▸ **WHAT IS REQUIRED**:
Copy exactly the lines from the start of the material through the line with "Restaurante Casa Julia Hotel Parcent". Pictures stay out of the copy.

(RAW DATA Opens)

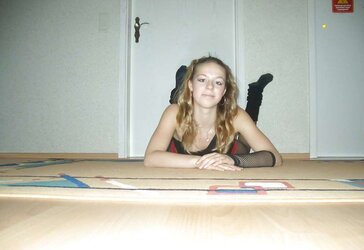 Franziska B. Studentin in Magdeburg (Non-Naked)
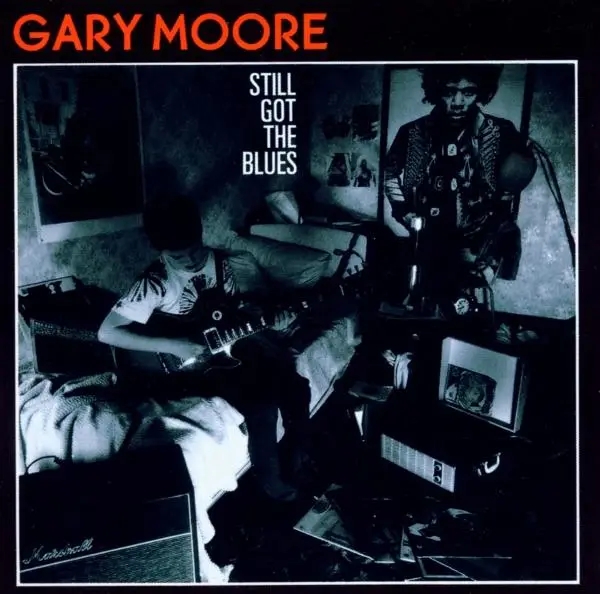 Album artwork for Still Got The Blues by Gary Moore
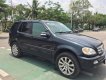 Mercedes-Benz ML Class   2008 - Chính chủ bán xe Mercedes ML350 AT 2008 nhập Mỹ, full đồ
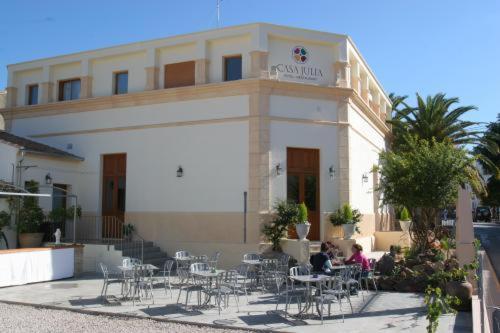 Restaurante Casa Julia Hotel Parcent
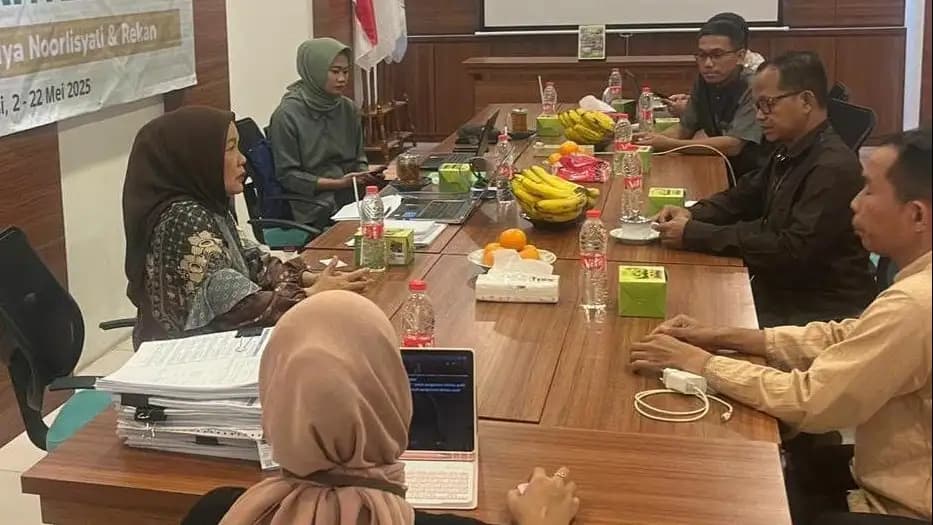 Kemenag Audit Keuangan 18 BAZNAS dan LAZ, Dorong Akuntabilitas Zakat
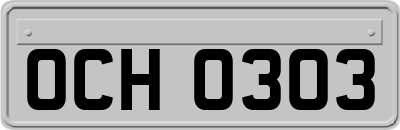 OCH0303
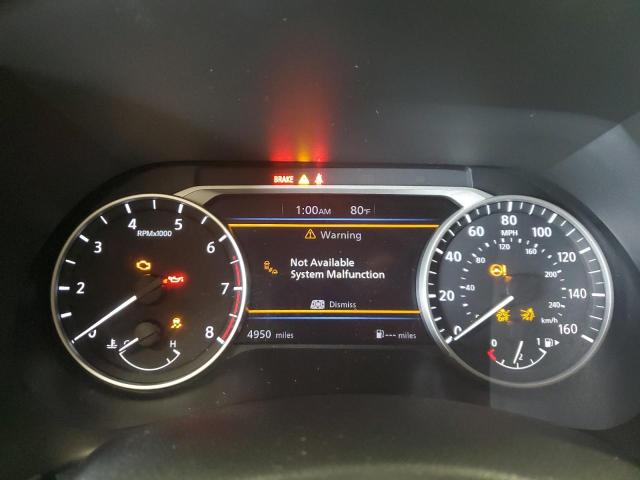 2025 NISSAN SENTRA SV - 3N1AB8CV4SY217101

(RAW DATA Closes)

▸ **ANSWER**:
 Franziska B. Studentin in Magdeburg (Non-Naked)
 Album artwork for Still Got The Blues by Gary Moore
 Mercedes-Benz ML Class   2008 - Chính chủ bán xe Mercedes ML350 AT 2008 nhập Mỹ, full đồ
 Restaurante Casa Julia Hotel Parcent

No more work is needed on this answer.